Is 2016 finally going to be the year of the Industrial Internet of Things (IIoT)? I certainly hope so!
Unfortunately, the IIoT landscape remains foggy despite the many hardware products—particularly gateways—announced in 2015. There is still no discernible market pull for IIoT as yet, but that may be an issue that we automation vendors must help end users face.
As I see it, the reason for the lack of market pull around IIoT is twofold: First, the value proposition is unproven and without a clear return on investment (ROI); few, if any, CFOs are going to sign off on the investment. Second, a killer app for IIoT has not yet emerged. Yes, we’ve seen predictive maintenance and similar functions touted as having the most potential.
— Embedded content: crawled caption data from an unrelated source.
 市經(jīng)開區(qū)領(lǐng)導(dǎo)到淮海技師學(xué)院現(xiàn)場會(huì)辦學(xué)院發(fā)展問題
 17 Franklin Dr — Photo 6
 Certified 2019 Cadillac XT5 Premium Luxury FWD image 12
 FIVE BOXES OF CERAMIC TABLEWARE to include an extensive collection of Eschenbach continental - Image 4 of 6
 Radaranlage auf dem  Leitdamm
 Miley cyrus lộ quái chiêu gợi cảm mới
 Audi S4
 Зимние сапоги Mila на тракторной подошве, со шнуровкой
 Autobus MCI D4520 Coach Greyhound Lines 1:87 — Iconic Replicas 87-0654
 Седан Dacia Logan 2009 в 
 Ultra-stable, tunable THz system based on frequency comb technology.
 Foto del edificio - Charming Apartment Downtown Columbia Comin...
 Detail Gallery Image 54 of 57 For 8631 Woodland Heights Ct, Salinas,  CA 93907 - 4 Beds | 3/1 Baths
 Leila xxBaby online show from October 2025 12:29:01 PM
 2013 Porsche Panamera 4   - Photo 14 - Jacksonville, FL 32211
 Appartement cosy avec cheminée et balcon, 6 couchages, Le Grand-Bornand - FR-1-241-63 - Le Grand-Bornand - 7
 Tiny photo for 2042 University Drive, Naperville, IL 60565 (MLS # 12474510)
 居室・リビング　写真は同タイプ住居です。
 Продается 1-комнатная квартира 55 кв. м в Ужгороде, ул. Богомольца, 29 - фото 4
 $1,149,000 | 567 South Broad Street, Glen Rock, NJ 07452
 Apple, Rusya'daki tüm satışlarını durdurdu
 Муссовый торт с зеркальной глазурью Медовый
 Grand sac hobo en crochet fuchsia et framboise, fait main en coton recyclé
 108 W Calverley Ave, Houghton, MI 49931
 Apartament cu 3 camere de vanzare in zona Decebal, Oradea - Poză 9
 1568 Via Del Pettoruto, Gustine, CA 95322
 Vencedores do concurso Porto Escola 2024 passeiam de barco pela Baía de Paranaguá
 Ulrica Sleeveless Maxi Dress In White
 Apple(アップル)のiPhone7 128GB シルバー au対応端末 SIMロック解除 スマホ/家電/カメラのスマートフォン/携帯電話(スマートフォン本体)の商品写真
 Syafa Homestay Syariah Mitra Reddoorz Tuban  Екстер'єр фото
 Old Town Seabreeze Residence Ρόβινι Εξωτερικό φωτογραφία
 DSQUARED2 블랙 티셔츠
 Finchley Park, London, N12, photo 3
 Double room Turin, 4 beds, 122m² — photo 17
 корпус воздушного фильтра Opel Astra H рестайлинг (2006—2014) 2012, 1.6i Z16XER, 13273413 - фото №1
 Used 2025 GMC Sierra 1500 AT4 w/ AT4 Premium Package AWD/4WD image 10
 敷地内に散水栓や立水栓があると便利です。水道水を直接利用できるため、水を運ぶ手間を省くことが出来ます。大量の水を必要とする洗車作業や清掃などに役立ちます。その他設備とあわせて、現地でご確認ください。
But automation users have been deploying these for a decade or more and rightly ask, “What is the difference?”
The answer to this key question is Big Data; its potential to handle the volume, velocity and variety of data collected from plant floors is needed to access the fresh insights promised by IIoT. And though Big Data is a very new and, as yet, widely untested technology in industry, we must not be afraid to look for new ways of working.
At the same time, we must be careful to not repeat the same things we are already doing. Algorithmic solutions to automation issues, like preventive maintenance, currently rely on human interpretation. As a result, we all tend to look for what we know. With IIoT, we should be trying to benefit from what we do not presently know. A recent Forbes article identified this “relevance paradox” as a key issue for IIoT users.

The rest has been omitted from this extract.